In recent years, blocks created by pressure grouting of cement into soil were used to reinforce slopes by targeting specific weak areas. A clear understanding of the block reinforcement mechanism is essential for the accurate evaluation of the stability of block-reinforced slopes and reasonable design of block layouts. A series of centrifuge model tests was conducted to investigate the bearing capacity and the full deformation and failure behavior of block-reinforced slopes, with a focus on the influence of block layouts on the reinforcement effect. A block reinforcement with a reasonable layout was confirmed to increase the stiffness and the ultimate bearing capacity of the slope. The block reinforcement significantly changed the failure mode to the complex disturbance and destruction from slippage failure in an unreinforced slope. The block reinforcement restrained the deformation localization around the blocks and thus prevented the development of the coupling effect between the deformation localization process and the failure process in an unreinforced slope during loading.

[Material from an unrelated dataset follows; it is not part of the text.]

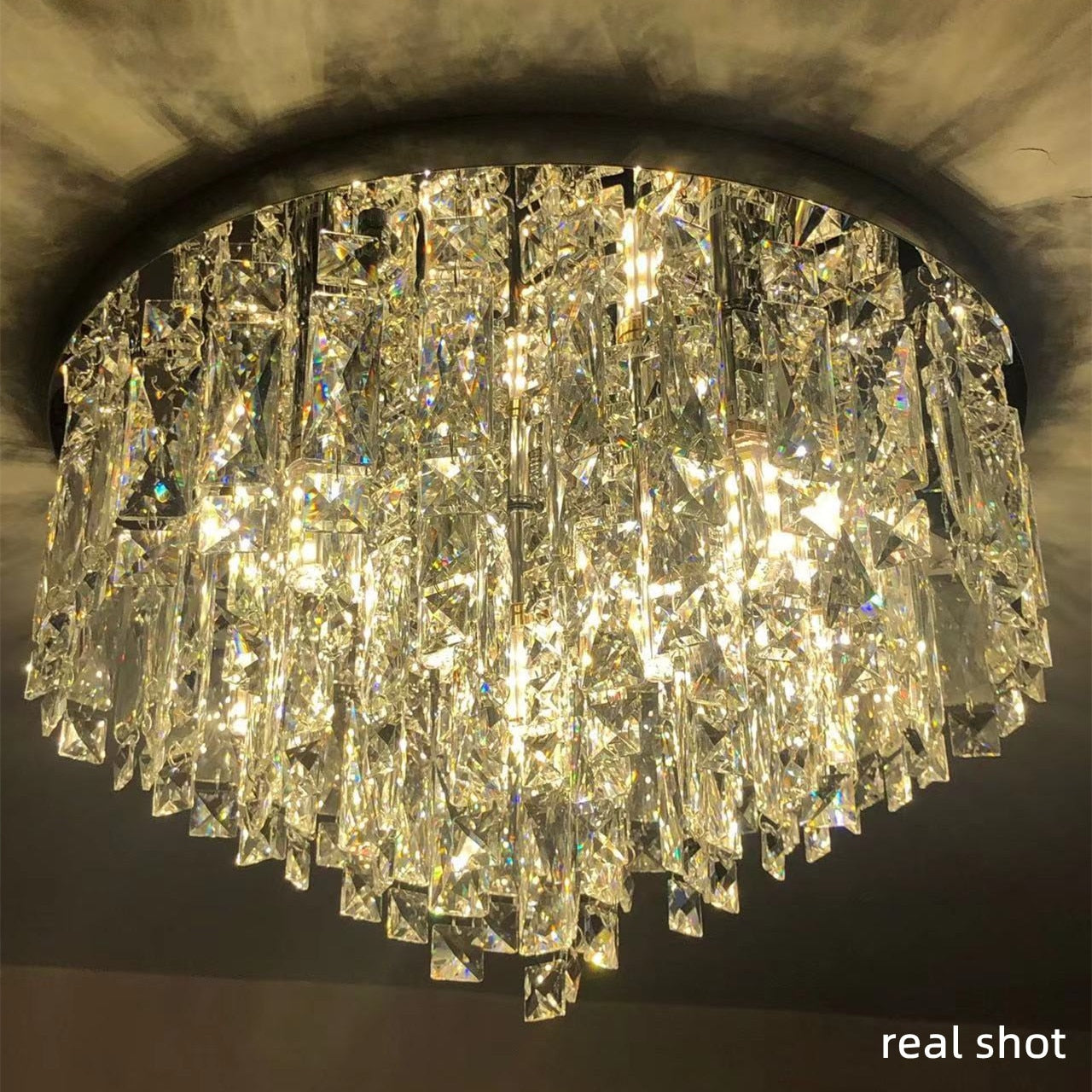 Modern Bedroom Crystals E14 Ceiling Lamp Lustre Lamp Steel Led Ceiling Lights Art Deco Led Chandelier Lighting Fixtures Lamp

Such a reinforcement mechanism could be used to explain why the block reinforcement increased the bearing capacity and changed the failure mode of the slope. The blocks exhibited significant motion along with the development of deformation localization in the slope during loading. The block reinforcement effect was significantly affected by the rotation of blocks, which was determined by the block layout.